» **THE PROBLEM**
Drop the pictures and repeat the remaining data exactly.

(Short web captions)
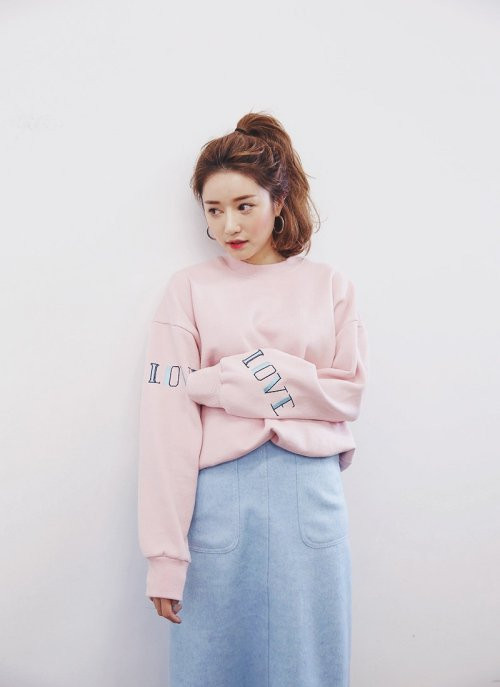 Áo hoodie không mũ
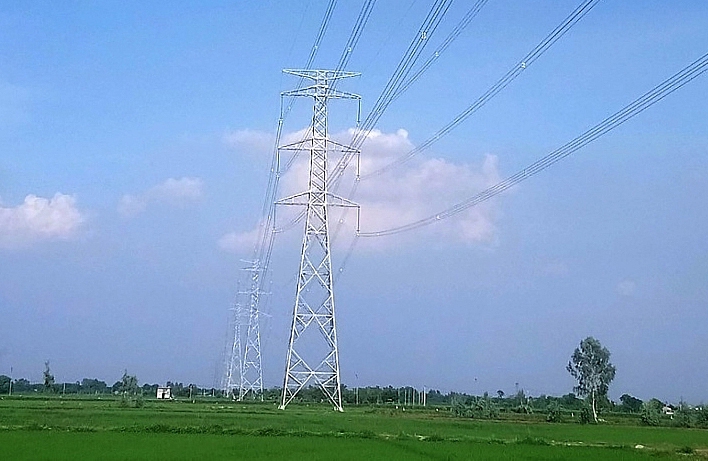 Đóng điện đường dây 500kV Tây Hà Nội - Thường Tín: Tăng cường đảm bảo điện cho Thủ đô Hà Nội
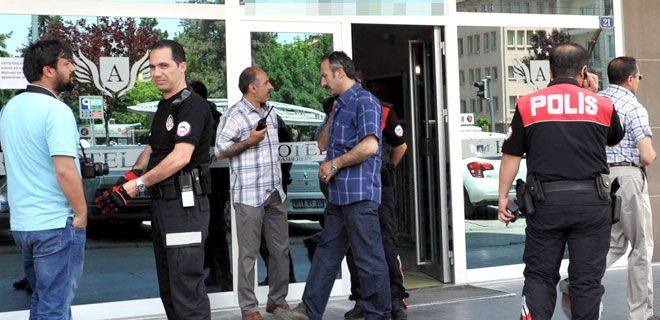 OTEL ODASINDA ŞÜPHELİ ÖLÜM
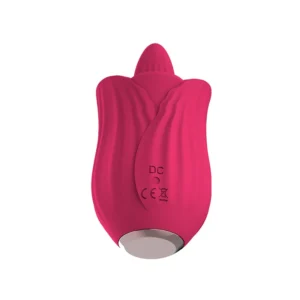 Musipassion Mini Tongue Licking Vibrator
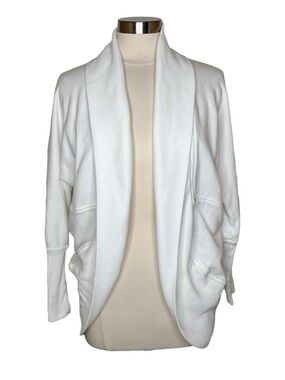 Wilfred White Diderot Cardigan Size L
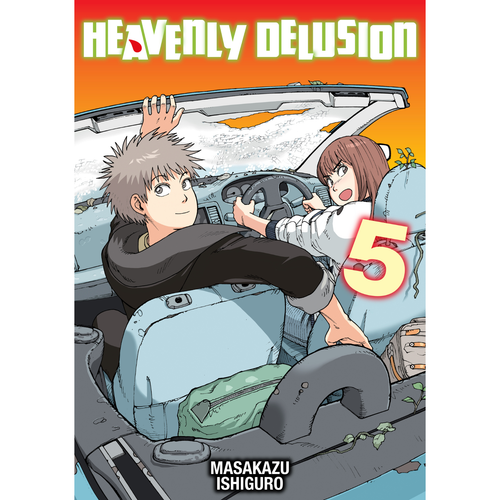 Heavenly Delusion Manga by Masakazu Ishiguro Loose Volume 1-7 English Version - Picture 9 of 11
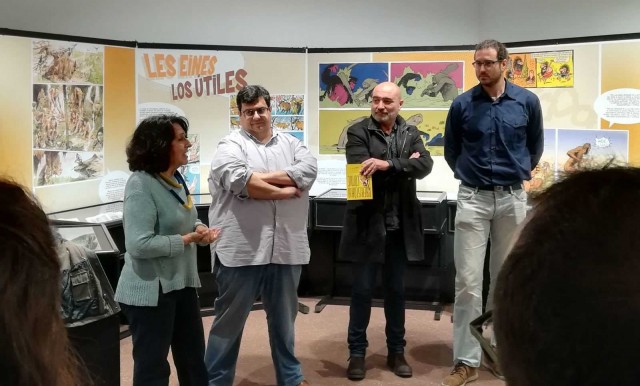 Prehistoria, cómic o fiestas: así es la oferta expositiva de las comarcas valencianas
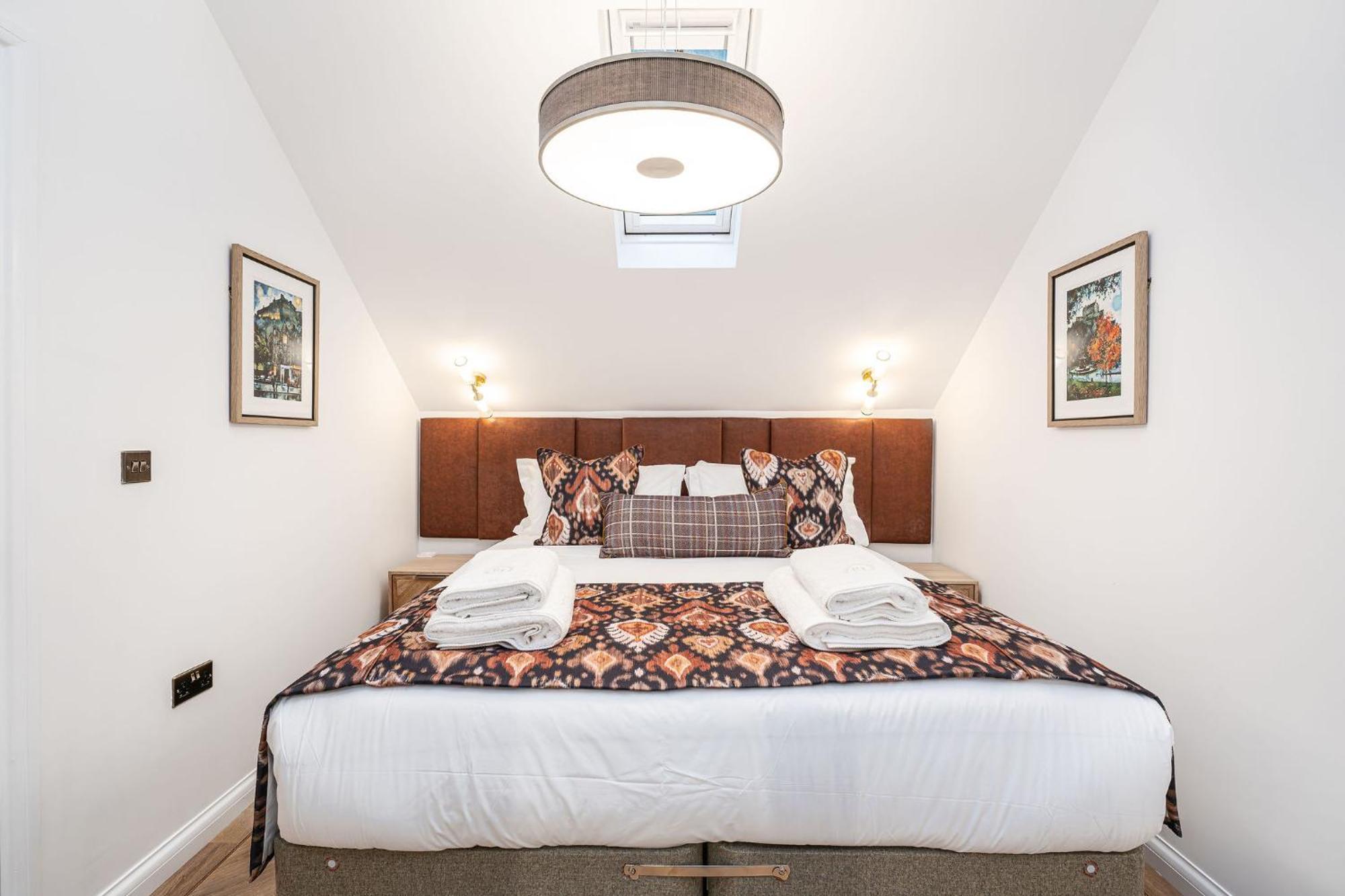 The Coach House Apartment Edinburgh Exterior photo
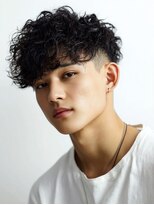 シーク 千葉中央駅(SEEK)&nbsp;MEN’S HAIR/波巻ツイストスパイラル/フェザーパーマ/千葉駅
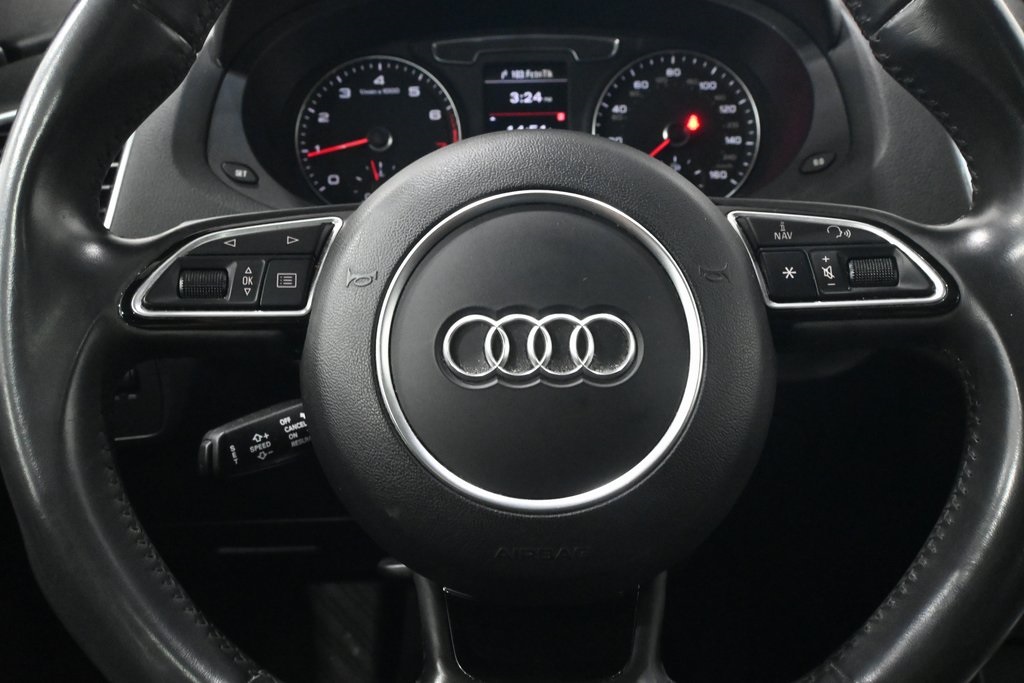 2018 Audi Q3 2.0T Premium 10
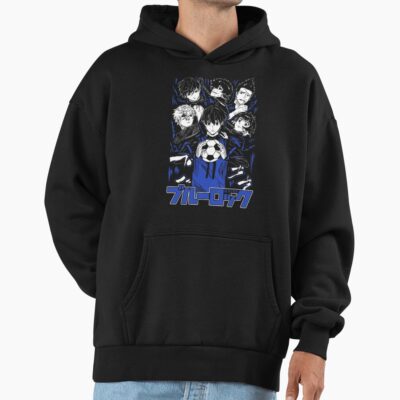 The Strongest Team Hoodie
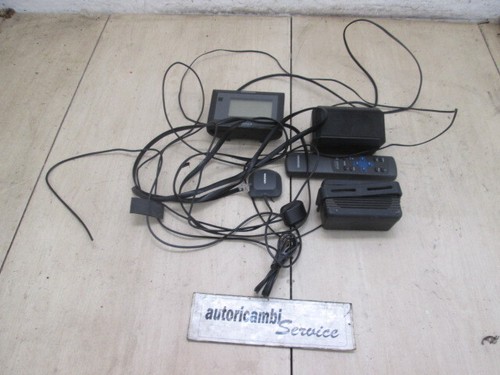 Display navigatore satellitare - display,
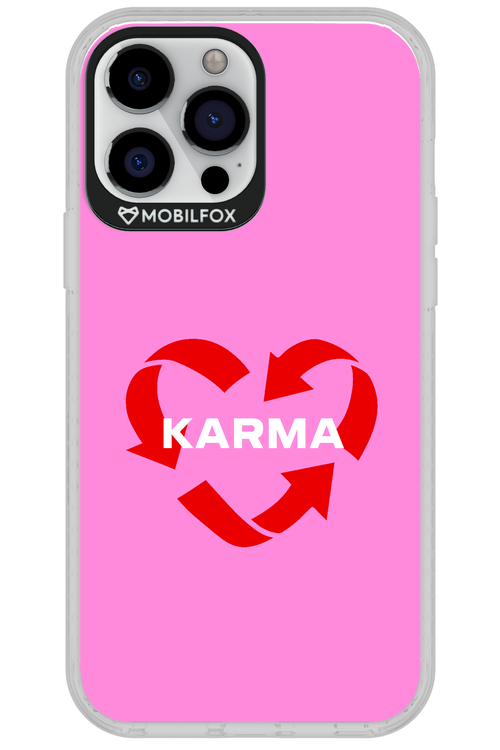 Karma Pink - Apple iPhone 13 Pro Max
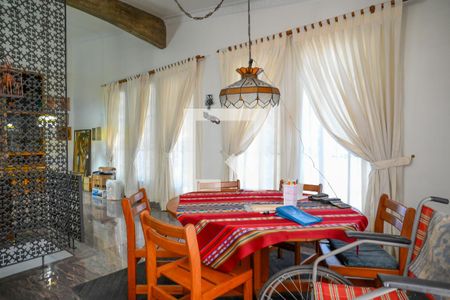 Sala de Jantar de casa à venda com 2 quartos, 254m² em São Salvador, São Paulo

» **COMPLETED TASK**
 Áo hoodie không mũ
 Đóng điện đường dây 500kV Tây Hà Nội - Thường Tín: Tăng cường đảm bảo điện cho Thủ đô Hà Nội
 OTEL ODASINDA ŞÜPHELİ ÖLÜM
 Musipassion Mini Tongue Licking Vibrator
 Wilfred White Diderot Cardigan Size L
 Heavenly Delusion Manga by Masakazu Ishiguro Loose Volume 1-7 English Version - Picture 9 of 11
 Prehistoria, cómic o fiestas: así es la oferta expositiva de las comarcas valencianas
 The Coach House Apartment Edinburgh Exterior photo
 シーク 千葉中央駅(SEEK)&nbsp;MEN’S HAIR/波巻ツイストスパイラル/フェザーパーマ/千葉駅
 2018 Audi Q3 2.0T Premium 10
 The Strongest Team Hoodie
 Display navigatore satellitare - display,
 Karma Pink - Apple iPhone 13 Pro Max
 Sala de Jantar de casa à venda com 2 quartos, 254m² em São Salvador, São Paulo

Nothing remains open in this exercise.